VEOZA is not a hormone. It blocks neurokinin B (NKB) binding on the kisspeptin/neurokinin B/dynorphin (KNDy) neuron, which is postulated to restore the balance in KNDy neuronal activity in the thermoregulatory centre of the hypothalamus.^1,3,4

The efficacy of VEOZA was evaluated in two identical, randomised, placebo-controlled, double-blind 12-week Phase 3 studies (SKYLIGHT 1 and SKYLIGHT 2), followed by a 40-week extension no-control treatment period. The co-primary endpoints were change from baseline in moderate to severe VMS frequency and severity to weeks 4 and 12.¹ The studies consisted of postmenopausal women with a minimum average of 7 moderate to severe VMS per day.¹

VEOZA met all primary endpoints within the SKYLIGHT 1 and SKYLIGHT 2 Phase 3 trials. Patients taking VEOZA experienced a statistically significant reduction from baseline in VMS frequency and severity over 24 hours at Weeks 4 and 12, compared to placebo.¹

VEOZA has once-daily oral dosing. The recommended dose of VEOZA is 45 mg taken orally with or without food and taken with liquids. Tablets are to be swallowed whole and not broken, crushed or chewed.¹

Patients should take VEOZA at about the same time each day. If a dose is missed or not taken at the usual time, patients should take the missed dose as soon as possible on the same day, unless there are fewer than 12 hours before the next scheduled dose. Patients/individuals should return to the regular schedule the following day.¹

Liver function tests (LFTs) must be performed prior to treatment initiation with fezolinetant.
Treatment should not be started if ALT or AST is ≥ 2 x ULN or if total bilirubin is elevated (e.g., ≥ 2 x ULN). LFTs must be performed monthly during the first three months of treatment, then based on clinical judgement. LFTs must also be performed when symptoms suggestive of liver injury occur. Patients should be informed about the signs and symptoms of liver injury and should be advised to contact their doctor immediately once these occur.¹

In the case of overdose, the individual should be closely monitored, and supportive treatment should be considered based on signs and symptoms.¹

Please refer to the SmPC for full information on dosing and administration.

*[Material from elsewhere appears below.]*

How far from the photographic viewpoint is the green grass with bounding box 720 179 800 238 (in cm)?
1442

Across the Phase 3 studies, the most common adverse reactions with VEOZA were diarrhoea (3.2%) and insomnia (3.0%). The most frequent adverse reactions leading to dose discontinuation with VEOZA were alanine aminotransferase (ALT) increased (0.3%) and insomnia (0.2%).¹

There were no serious adverse reactions reported at an incidence greater than 1% across the total study population.¹

Four serious adverse reactions were reported. The most serious adverse reaction was an event of endometrial adenocarcinoma (0.1%).¹

Elevations in ALT levels > 3 x ULN occurred in 2.1% of women receiving fezolinetant compared to 0.8% of women receiving placebo. Elevations in AST levels > 3 x ULN occurred in 1.0% of women receiving fezolinetant compared to 0.4% of women receiving placebo.
Serious cases with elevations of ALT and/or AST (> 10 x ULN) with concurrent elevations in bilirubin and/or alkaline phosphatase (ALP) were reported post-marketing. In some cases, elevated liver function tests were associated with signs and symptoms suggestive of liver injury such as fatigue, pruritus, jaundice, dark urine, pale faeces, nausea, vomiting, decreased appetite, and/or abdominal pain.¹

Please refer to the SmPC for the full safety profile.